How To Bee, the debut novel from New Zealand writer Bren MacDibble, initially paints a bleak picture of life. It is set in the near future, soon after repeated environmental disasters have wreaked havoc upon the ecosystems of the world and entirely wiped out its population of bees. Young children have taken over their work of pollinating flowers, including Peony, a 9-year-old girl who scrapes a simple living as a ‘bee’ with her siblings on an Australian farm. Despite the protests of her family, one day her mother decides that Peony must move to the city in order to find a job.

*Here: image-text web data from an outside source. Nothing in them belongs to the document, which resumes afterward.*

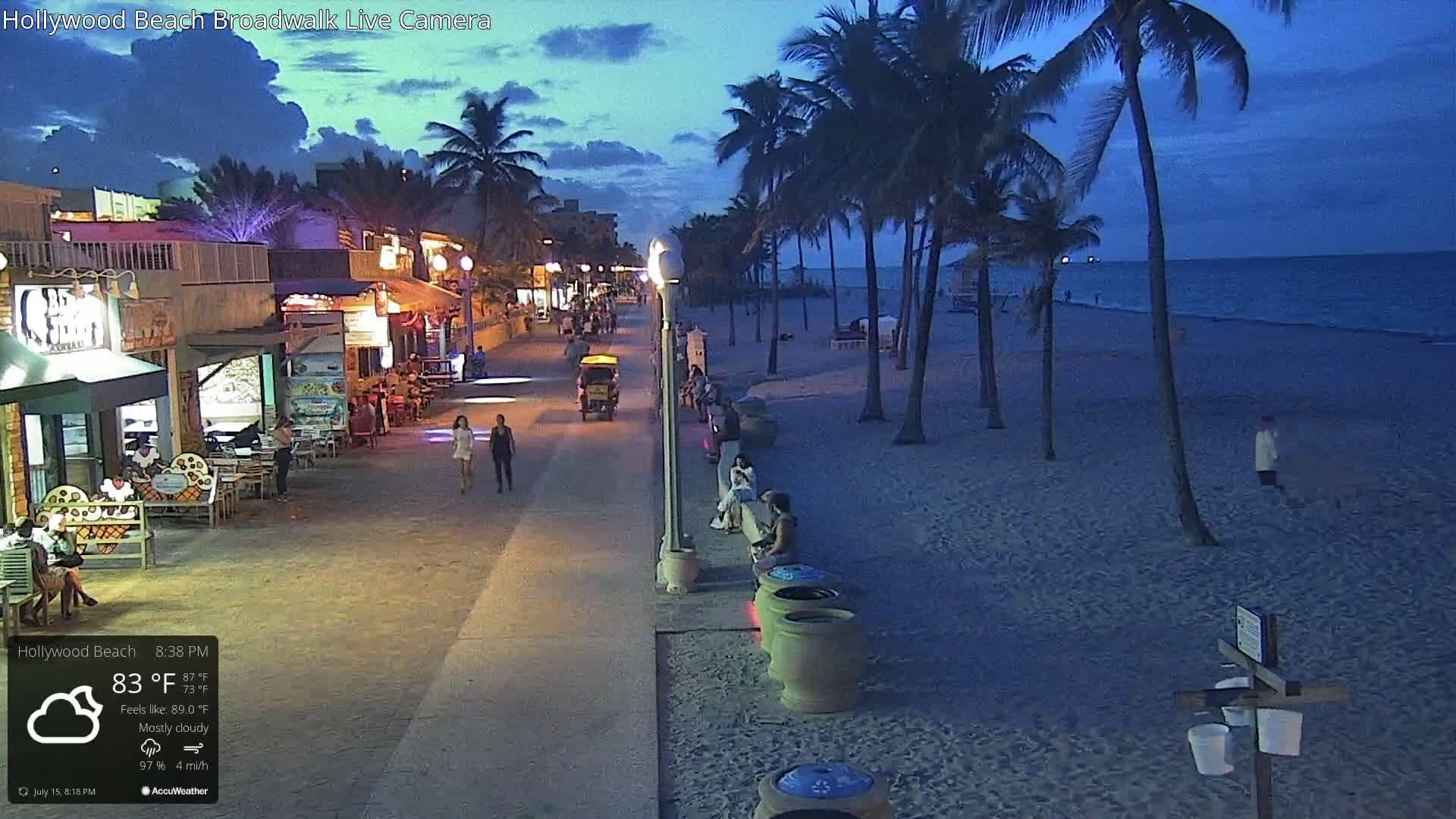Hollywood Beach / Broadwalk & Atlantic Live Cam - Holywood, Broward, Florida, USA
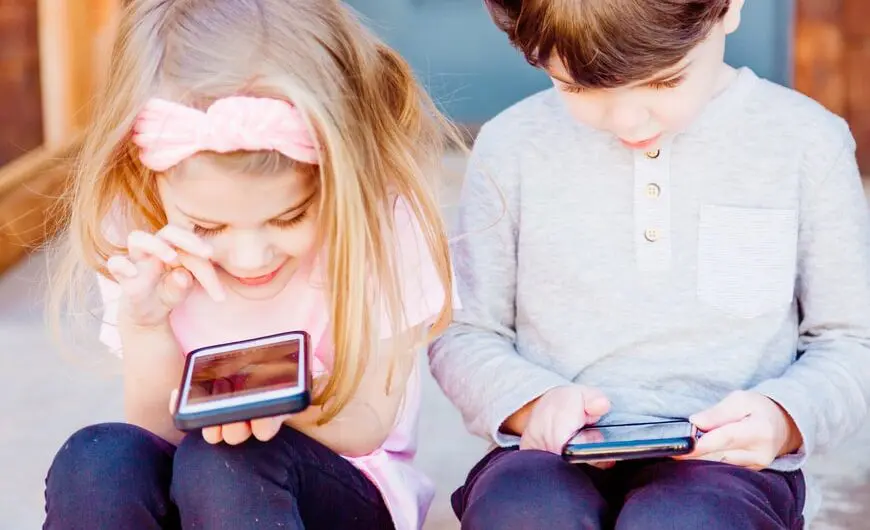 Son premier téléphone : Comment assurer la sécurité de votre enfant dans le monde numérique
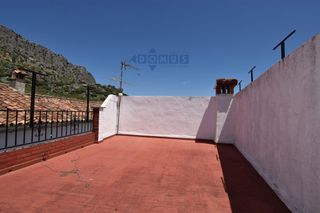 Haus in Población de Arroyo. Gran casa con cochera en el centro de montejaque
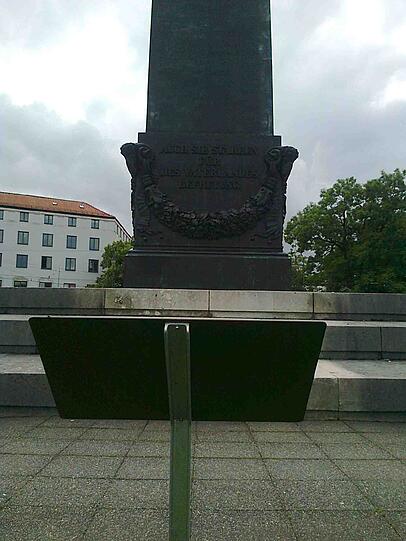 Seit 1933 steht der Obelisk auf dem Platz.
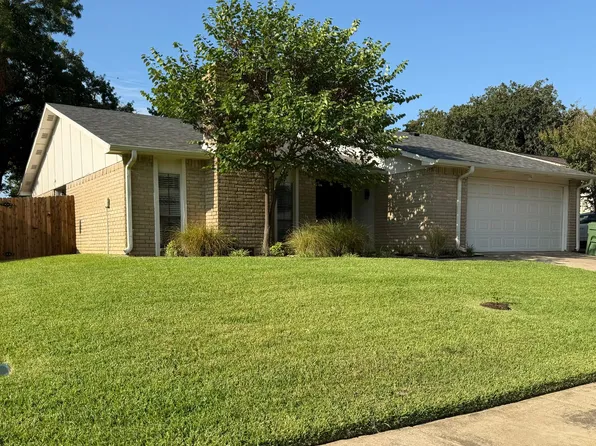 6700 Forestview Dr, Arlington, TX 76016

She tries hard to adjust to her new life and friends, but has no intention of continuing her new urban existence for any longer than necessary.
Peony is a strong and engaging lead character, who shows great resilience and determination throughout. She is an inspiration to those around her, always leading by example when faced with difficult circumstances. The huge contrasts that exist between Peony’s two lifestyles help us empathise with her impossible situation as the story progresses and we begin to realise how desperately she is fighting for control of her future.
The environmental issues covered, including the stark portrayal of the unsustainability and selfishness of lifestyles based around the high consumption of energy and resources, are particularly pertinent. Some other difficult topics are introduced, including domestic abuse towards both children and adults, which means that the book is best suited to late later junior years and early secondary years. The ending of the book is reminiscent of the conclusion of The Road by Cormac McCarthy, with the final flicker of hope just bright enough to extinguish some of the previous darkness. I thoroughly enjoyed reading How To Bee although, with its depiction of a world perhaps not too far removed from the one we are currently heading towards, it was a challenging and often emotional journey.